Tax
Sale in Providence
Of the five primary indicators
incorporated into the early warning system (property tax lien, housing
code notice of violation, environmental ticket, structure fire,
and sale or foreclosure), property tax liens publicized through
tax sale advertisements, may be the leading early warning indicator
for fiscal abandonment in Providence. For this reason, it received
the most focus of ProvPlan's early research.
There are two main reasons the tax sale is a strong
early warning sign. First, the delinquency thresholds for inclusion
($1000, two quarters late) are low. Second, tax sale advertisement
serves as a strong proxy for utility payment delinquency. Community
partners concur that tax sale advertisement would encompass most
properties that were subject to water and sewer liens.

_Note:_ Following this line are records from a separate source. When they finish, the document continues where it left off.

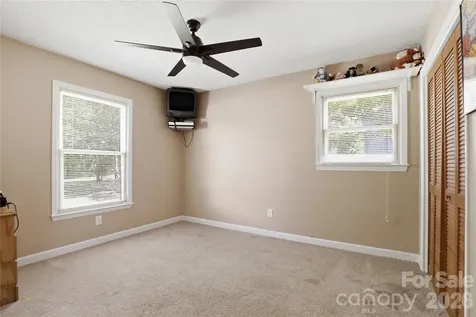 125 Southwood Park Road Mooresville NC 28117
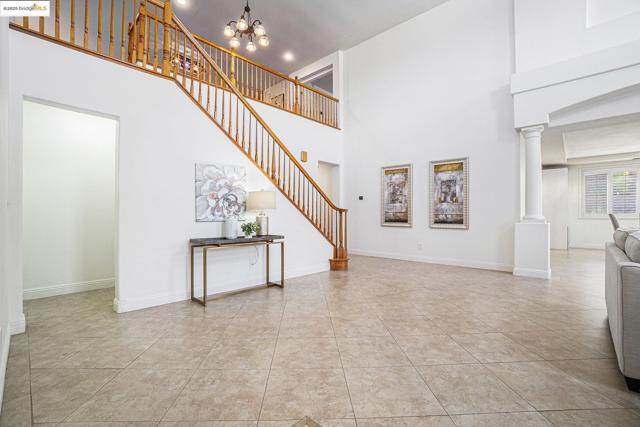 5235 Ramsdell Ct, Antioch CA: https://media.crmls.org/mediaz/13076ac6-260e-4138-8543-ca2fc6ef84d5.jpg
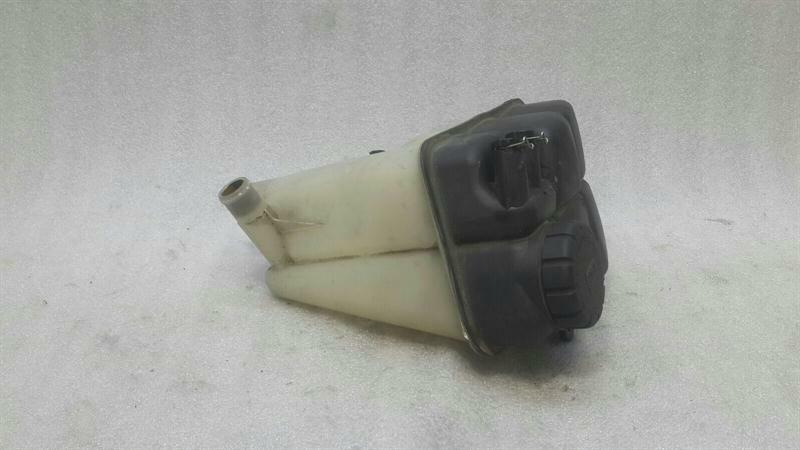 Mercedes SL R230 Expansion Tank A2305000149 Expansion Tank Coolant M113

The Process as of Summer 2004:
Providence now holds a tax sale once per year in late summer. Three
weeks before the auction is held, the Tax Collector advertises affected
properties in the local newspaper. In the 2004 sale, 1800 properties
were advertised and 330 went to sale. Over half of the sold liens
had been redeemed by the original property owner the following May,
with three months remaining in the 365 day redemption protection
period. After one year, lien redemption can become considerably
more costly and difficult. The number of advertised tax liens and
the number of sold tax liens in 2004 were less than half what has
been witnessed in recent years. Of the 1500 properties identified
as unutilized in our survey, 25% had been advertised for tax sale
in the past five years and 13% had been sold at tax sale during
that time span. See timeline.
Fast Facts About the Providence Tax Sale
Process
- The City currently applies tax sale law evenly,
seldom exercising discretion for individual cases. This approach
lends itself to effective revenue capture and less susceptibility
to politically-driven exceptions.
- The number of properties going to tax sale dropped
sharply in 2004.
- Two-to-five family properties are, by far, the
most common type of land use at tax sale.

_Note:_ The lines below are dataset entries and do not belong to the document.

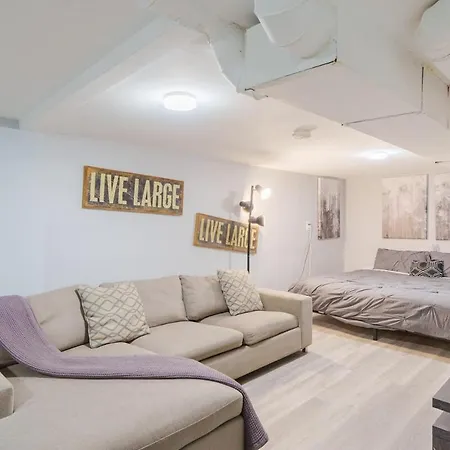 Cozy Logan Square Easy Access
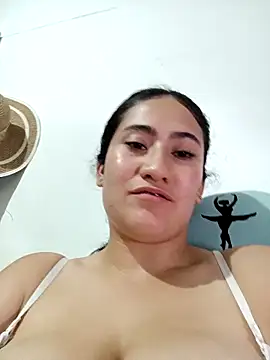 Snapshot of francesca_baker1007 chatting on 02.17.25 francesca baker1007 online show from 02.17.25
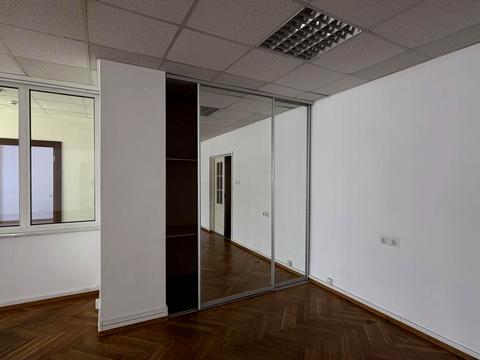 комерційна за адресою Хмельницького Богдана, 55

- Just over one-quarter of all tax-title properties
have had an owner-occupant.
- Tax delinquency is down among owner-occupants
but is up among elderly homeowners.
- Citywide, owners of tax-title properties have
consistently redeemed at a rate of about 50%.
- 34% of the 734 properties with a tax lien sold
in 2003 had a sold tax lien in at least one of the previous four
years; 12% had a sold lien in at least two of the previous four
years.
- A small number of buyers have dominated the
tax sale:
- The top three lien buyers purchased one-third
of the 734 tax liens sold in 2003, and the top eight buyers
purchased over half of all liens.
- Two lien buyers spent one-third of the total
$2.98 million paid for tax liens in 2003; and five buyers spent
over half of the total dollars collected.

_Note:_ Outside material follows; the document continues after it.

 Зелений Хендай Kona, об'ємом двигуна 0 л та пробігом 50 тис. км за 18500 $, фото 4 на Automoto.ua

- Although the Planning Department and Redevelopment
Agency have expressed interest, there has been little attempt
to acquire impending tax-title properties for redevelopment/revitalization
goals.
For detailed analysis, see Tax
Sale Presentation
5-Point Plan to Reform Tax Sale
Toward Both Revenue and Revitalization Goals
1.Help owners return to good standing early in the
process.
2.Bring greater clarity and transparency to the
tax sale.
3.Hasten change of ownership on abandoned tax-title
properties.
4.Coordinate collection activity on all municipal
and related liens.
5.Acquire parcels of special redevelopment interest.